Lembrando que na ordem constitucional brasileira, a intervenção do Estado na economia não é excepcional, mas frequente e necessária, tanto para corrigir as falhas de mercado, como para promover objetivos basilares da Constituição Federal que o mercado não atende, como a promoção da igualdade material e da justiça social, de onde deriva o princípio do equilíbrio contratual.
A intervenção do Estado nas relações contratuais de natureza privada independe de ideologias políticas, e em especial por meio do judiciário é imprescindível para assegurar o equilíbrio contratual e socioeconômico da nação.
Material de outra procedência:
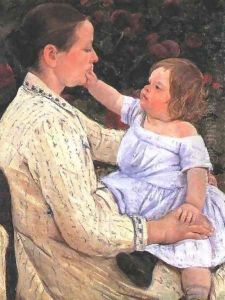 The Childs Caress by Mary Cassatt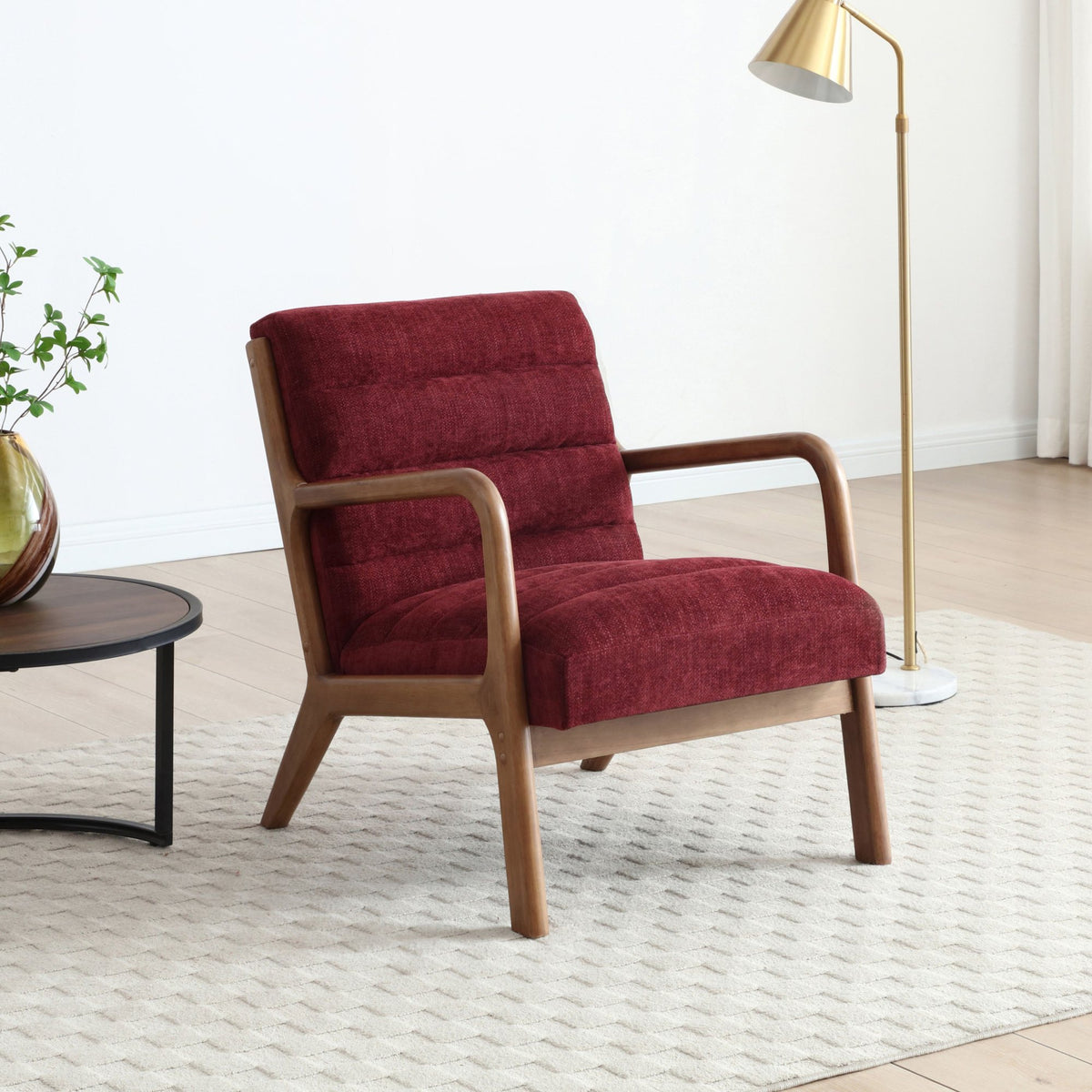 Inca ribbed accent chair with Walnut frame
O princípio do equilíbrio contratual redimensiona a liberdade de contratar, ao introduzir o controle de proporcionalidade ao contrato, reagindo tanto ao seu desequilíbrio originário – no momento da contratação, quanto ao superveniente – que surge durante a vigência do contrato.
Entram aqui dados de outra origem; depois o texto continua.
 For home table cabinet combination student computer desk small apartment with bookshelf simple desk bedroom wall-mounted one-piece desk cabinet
Os princípios da nova teoria contratual – boa fé objetiva, função social dos contratos e equilíbrio econômico – estão presentes tanto nas relações entre desiguais (Código de Defesa do Consumidor), como nas estabelecidas entre iguais (Código Civil), o que significa que os produtores rurais podem se valer da possibilidade jurídica, mesmo que excepcional, de afastar ou mitigar os efeitos de cláusula contratual que gere onerosidade excessiva e evidente desequilíbrio nos contratos em que for signatário.
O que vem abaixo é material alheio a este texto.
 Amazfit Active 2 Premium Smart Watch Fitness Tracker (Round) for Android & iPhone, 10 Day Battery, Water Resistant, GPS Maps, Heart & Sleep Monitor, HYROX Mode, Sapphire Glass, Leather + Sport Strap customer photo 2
É necessário que seja observado holisticamente os contratos firmados pelos produtores rurais, não desprezando as consequências jurídicas, econômicas e sociais decorrentes de uma interpretação meramente baseada no princípio da pactu sunt servanda – da obrigatoriedade, mas trazendo para o foco da análise o desequilíbrio contratual em concreto. Trata-se de assegurar o equilíbrio contratual, sendo certo que neste componente reside a finalidade central da proteção outorgada pelo ordenamento jurídico brasileiro, em suma de uma análise dos artigos 317 e 478 do Código Civil, a partir do objetivo desequilíbrio do contrato.
Assim, neste brevíssimo relato sobre este tema merecedor de extensa análise, trago a reflexão de Haroldo Malheiros Verçosa[1], “O contrato não se configura como instrumento destinado a proteger o interesse de uma das partes que possa ter alguma ascendência sobre a outra, mas apto a proporcionar um vínculo equilibrado, segundo cada situação concreta.”
Bruno Cesar Pio Curado
OAB/GO 29.659
Bacharel em Direito pela Universidade Federal de Goiás – UFG, Pós-graduado em Direito Tributário pela UFG, cursando MBA em Agronegócios pela USP/ESALQ, Mestrando em Ciências Jurídico-Econômicas pela Universidade do Porto – Portugal. Advogado, membro das Comissões da OAB/GO de Direito Bancário e Comissão Especial do Direito do Agronegócio.
[1] Verçosa, Haroldo Malheiros Dulclerc. Contratos Mercantis e a Teoria Geral dos Contratos – O Código Civil de 2002 e a Crise do Contrato. São Paulo: Quartier Latin, 2010, p.25.